Your goal:
Excluding any images, copy all of the lines below precisely as written.

Dataset content:
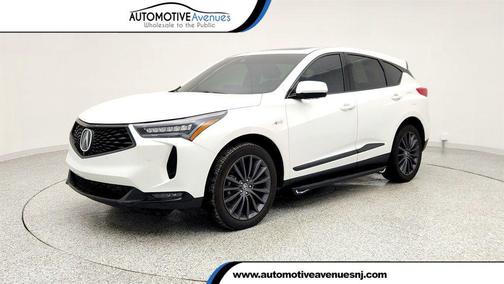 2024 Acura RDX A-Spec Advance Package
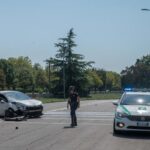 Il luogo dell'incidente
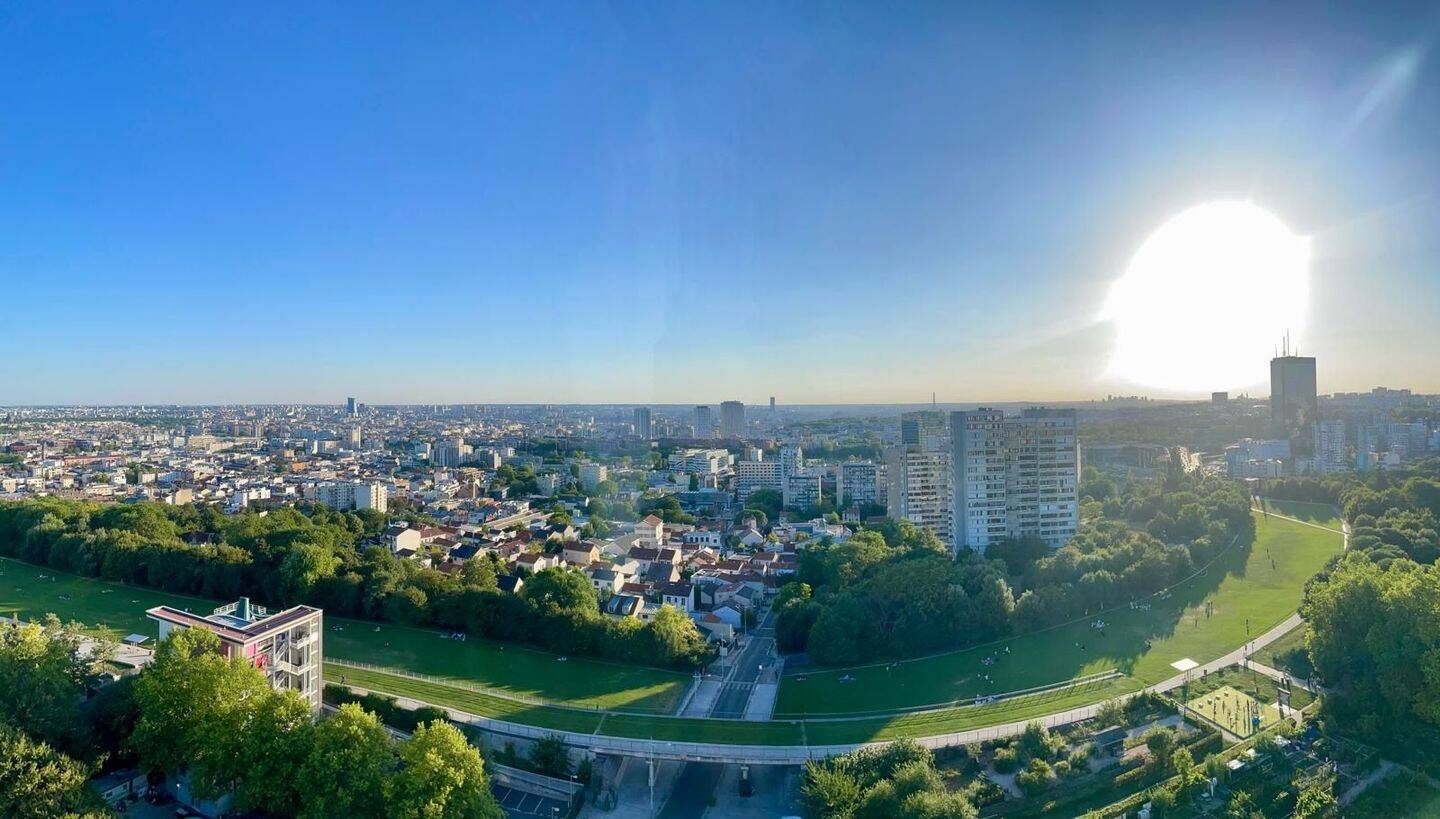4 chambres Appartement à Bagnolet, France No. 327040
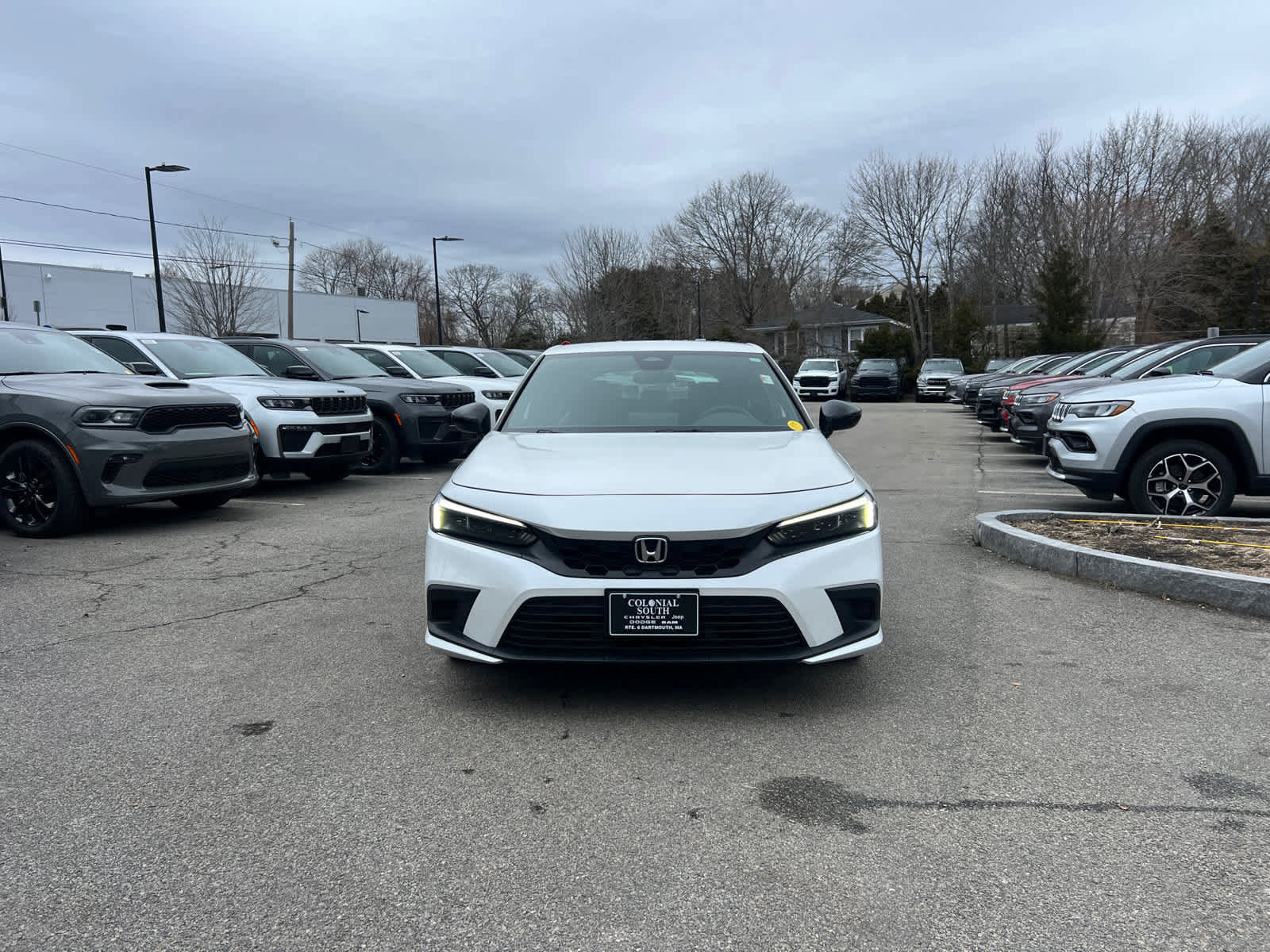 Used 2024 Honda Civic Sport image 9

Problem solution:
 2024 Acura RDX A-Spec Advance Package
 Il luogo dell'incidente
4 chambres Appartement à Bagnolet, France No. 327040
 Used 2024 Honda Civic Sport image 9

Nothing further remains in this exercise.